Marcus is a third-year internal medicine resident on the last shift of his emergency medicine
rotation at a small hospital in the northeastern United States. The shift is unusually busy. A few
hours into his shift, a critically ill woman is brought in to the emergency department with fever,
cough, and hemoptysis. Her family reports that she was previously healthy but became sick
rapidly about 2 days after she attended a large conference at a local hotel. One hour later,
another ER patient describes similar symptoms. His wife reports that he became ill after
attending the same business conference 4 days ago.

Marcus has not seen the patients but attends a staff meeting in which the attending physician
discusses the possibility that the patients have pneumonic plague. The attending physician, Dr.
Gattler, is suspicious of the possibility that Yersinia pestis may have been released at the hotel
in which the conference took place.

"It's unlikely," he says, "but we can't rule it out. Until we can, we need to take the appropriate
precautions. The terrorism response plan will be put into place, and I will notify the public health
authorities immediately after we finish here."

Dr. Gattler asks Marcus, who has been trained in the terrorism response plan, to help with triage
and identifying other potential patients.

"The patient in room 3 has fever and a cough," a nurse says, "no hemoptysis, but he's a young
guy, and he looks really sick."

"Marcus," Dr. Gattler says, "go see that patient. I'll be there once I get a few more calls made.
You know what you're doing, right?"

Marcus nods. He remembers everything from disaster preparedness training. It was only 2
months ago. At that time, though, he didn't imagine then he would actually be faced with a
situation like this. Marcus knows this patient is ill, but he also knows that if this is pneumonic
plague, he is putting himself at risk, and he may be quarantined after seeing the patient. It
seems like a sufficient number of doctors and nurses are around to help anyway, and many
more will be there in a few minutes. The patient in room 3 needs a doctor, but Marcus's wife and
daughter also need him at home. "It seems like I shouldn't really have to do this as a resident
anyway," Marcus thinks. "How can I be expected to put myself and my family at risk?"
Key Points:

1. Dr. Marcus is a third-year internal medicine resident on the last shift of his emergency
medicine rotation
2. Patients with fever, cough, and hemoptysis who attended a conference. Possibility of
pneumonic plague (Yersinia pestis) unlikely but cannot be ruled out.
3. Terrorism Response Plan was initiated
4. Dr. Marcus has been trained for disaster preparedness

Ethical Dilemma: Patient Care Versus Personal Safety

Questions:

1. Does Dr. Marcus have a legal obligation to treat patients with the infectious disease?
2. Does Dr. Marcus have a legal right to refuse her obligation?
3. Does Dr. Marcus have an ethical obligation to treat patients with the infectious disease?

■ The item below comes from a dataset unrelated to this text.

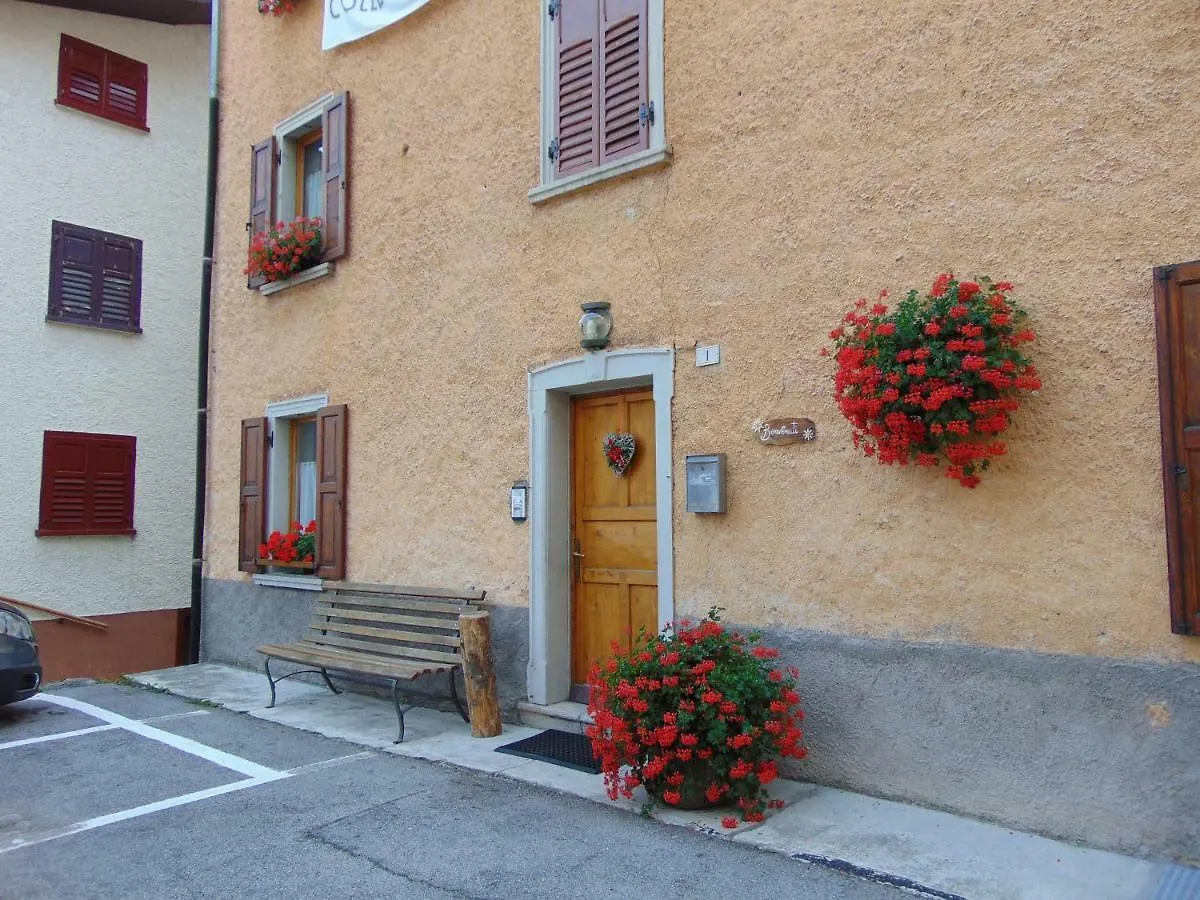 Apartamento Appartamenti Benvenuti Padola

Ethical Principles Involved: Negligence, Beneficence

Question 1:

The duty to care is one component of the law of negligence. To establish a physician's liability in
negligence, four requirements must be met:

(1) the physician must owe the defendant a duty of care

(2) the physician must fail to meet the standard of care established by law

(3) the patient must suffer an injury or loss

(4) the physician's conduct must have been the actual and legal cause of the patient's injury.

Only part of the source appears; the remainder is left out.